Irgendwo dort draußen lag der Friedhof verlassen da. Hier, so weit oben, hatte man eine gute Sicht auf das Städtchen und die dahinter liegenden Felder und Wiesen, die immer wieder vom Verlauf des schmalen Baches durchbrochen wurden. In der Nacht war Schnee gefallen, der dem Ganzen ein friedliches Antlitz verlieh. Ein paar Krähen, die hoch über den Tannen ihre Runden drehten, kreischten. Ansonsten war es totenstill.

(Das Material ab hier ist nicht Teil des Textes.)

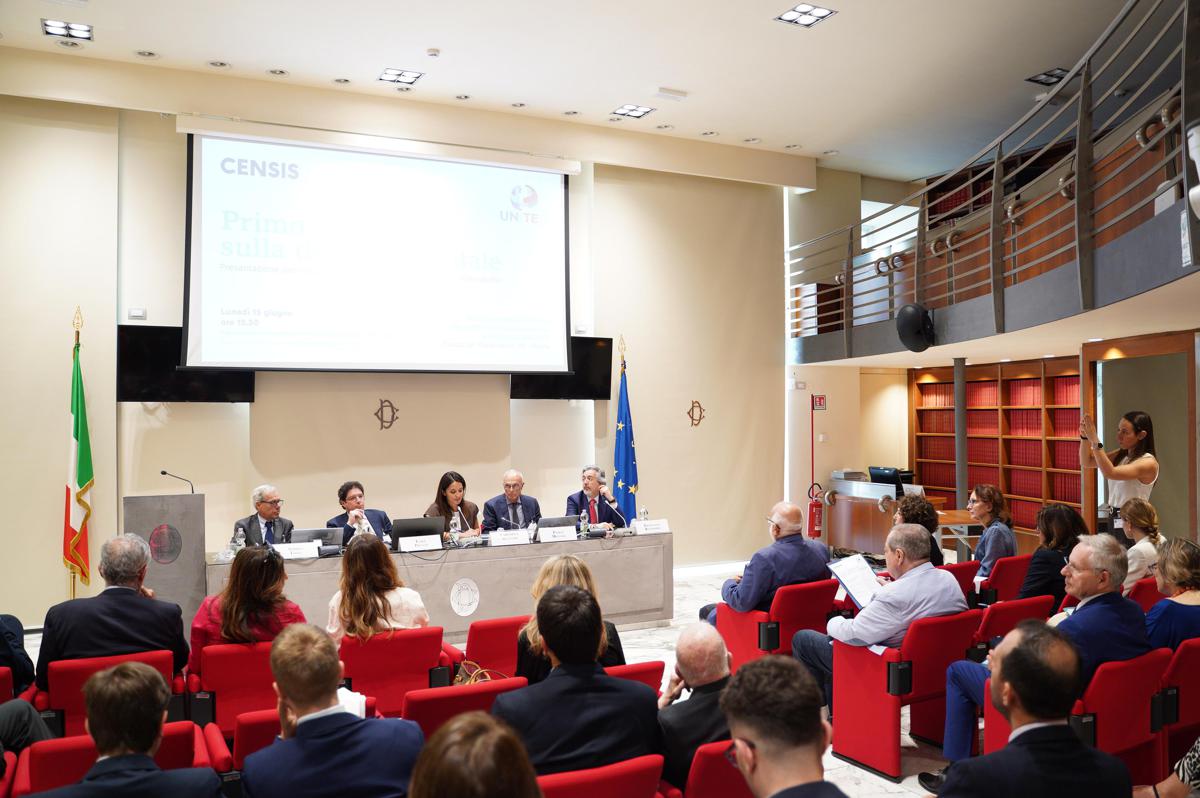 https://www.adnkronos.com/resources/02a6-20dff9043fb8-ad65ceac0ce4-1000/format/huge/rapporto_censis_us.jpeg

Sie schlang den abgetragenen Mantel enger um sich und öffnete das schmiedeeiserne Tor, dann stapfte sie durch den tiefen Schnee zu den weit hinten liegenden Gräbern nahe des Waldrandes. Das Mädchen war abgemagert bis auf die Knochen, ihre Haut leichenblass und all ihre Bewegungen fahrig. Sie kniete sich nieder und betrachtete wortlos den Grabstein, der vor ihr lag. Luisa ... zum Sterben war sie viel zu jung gewesen, nie durfte sie erwachsen werden. Auf ihrem schneebedeckten Grab lagen die schönsten Blumensträuße, aufwendige Gestecke und abgebrannte Kerzen. Als sie starb, hatte die ganze Stadt getrauert. Luisa war kaltblütig ermordet worden.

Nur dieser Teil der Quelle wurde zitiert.